Detailed explanation of Apache SkyWalking alarm configuration guide

Detailed explanation of Apache SkyWalking alarm configuration guide

Apache SkyWalking

Apache SkyWalking is an application performance monitoring tool (Application Performance Management, APM) for distributed systems, designed for microservices, cloud native architectures, and container-based (Docker, K8s, Mesos) architectures.

It provides an all-in-one solution for distributed tracing, service mesh telemetry analysis, metrics aggregation, and visualization.

Apache SkyWalking Alerts

Apache SkyWalking alarms are driven by a set of rules, which are defined in config/alarm-settings.yml file.

The definition of alarm rules is divided into three parts.

  • Alarm rule: defines the conditions that are considered for triggering an alarm.
  • webhook: A list of service endpoints that are called when an alarm is triggered.
  • gRPCHook: The host and port of the remote gRPC method that is called when the alarm is triggered.
  • Slack Chat Hook: The Slack Chat interface that is called when the alarm is triggered.
  • WeChat Hook: The WeChat interface that is called when the alarm is triggered.
  • DingTalk Hook: The DingTalk interface that is called when an alarm is triggered.

Alarm rules

There are two types of alarm rules: individual rules and composite rules.
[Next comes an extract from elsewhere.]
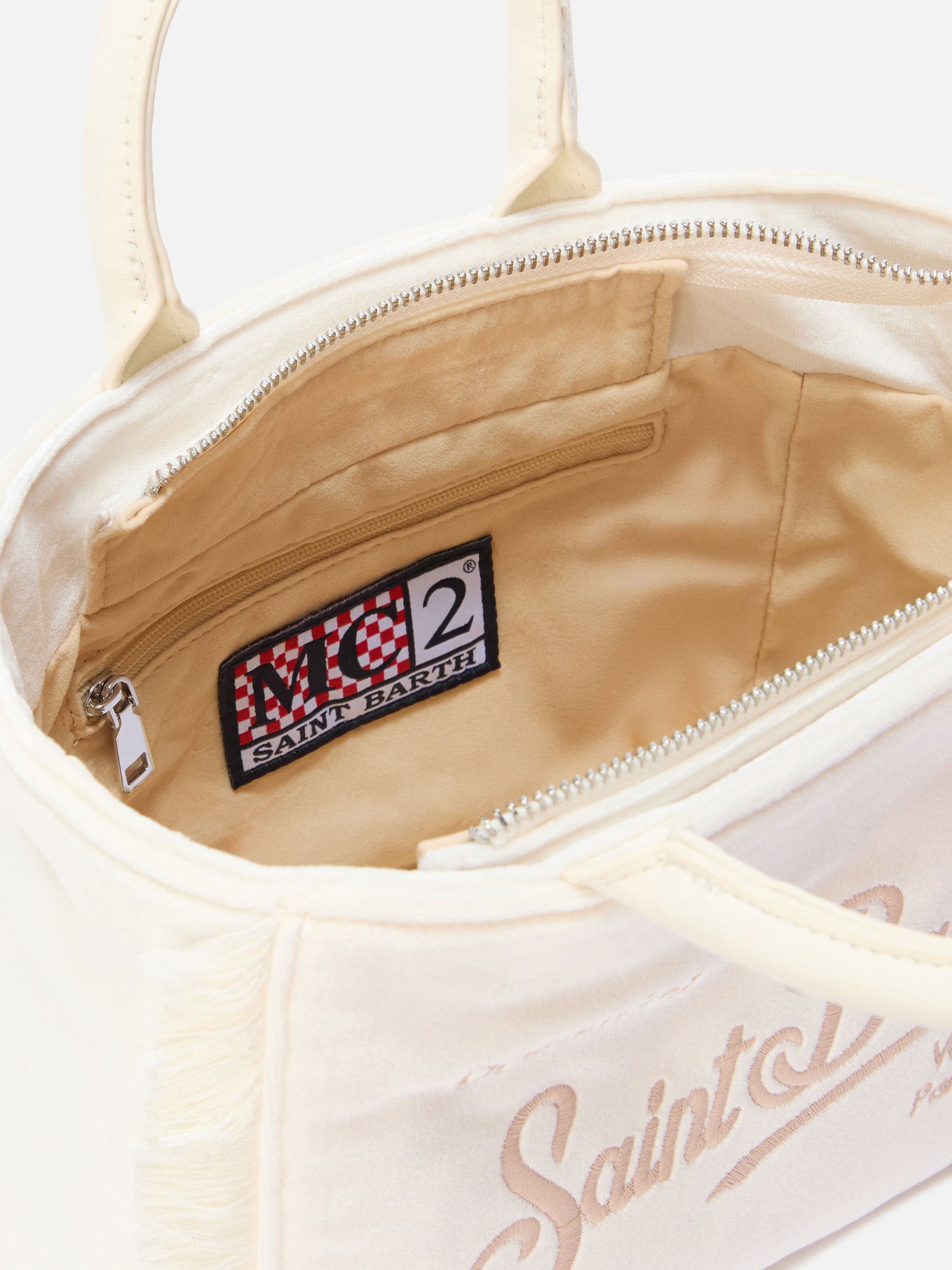 Vanity Mini-Samthandtasche aus weißem Samt und Wildlederimitat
Composite rules are a combination of individual rules.

Individual Rules

The individual rules mainly include the following:

  • Rule name: A unique name displayed in the alarm information, which must end with _rule.
  • metrics-name: metric name, which is also the metric name in the OAL script. The metrics that can be used for alerting in the default configuration are: service, instance, endpoint, service relationship, instance relationship, and endpoint relationship. It only supports long, double and int types.
  • include-names: A list of entity names to be included in this rule.
  • exclude-names: A list of entity names to exclude from this rule.
  • include-names-regex: Provide a regular expression to include entity names. If you set both an include name list and a regular expression for included names, both rules will take effect.
  • exclude-names-regex: Provide a regular expression to exclude entity names. If you set both an exclude name list and a regular expression for exclude names, both rules will take effect.
  • include-labels: Labels included in this rule.
  • exclude-labels: Labels excluded from this rule.
  • include-labels-regex: Provide a regular expression to include labels. If you set both an include tag list and a regular expression for included tags, both rules will take effect.
  • exclude-labels-regex: Provide a regular expression to exclude labels. If you set both an exclude tag list and a regular expression for exclude tags, both rules will take effect.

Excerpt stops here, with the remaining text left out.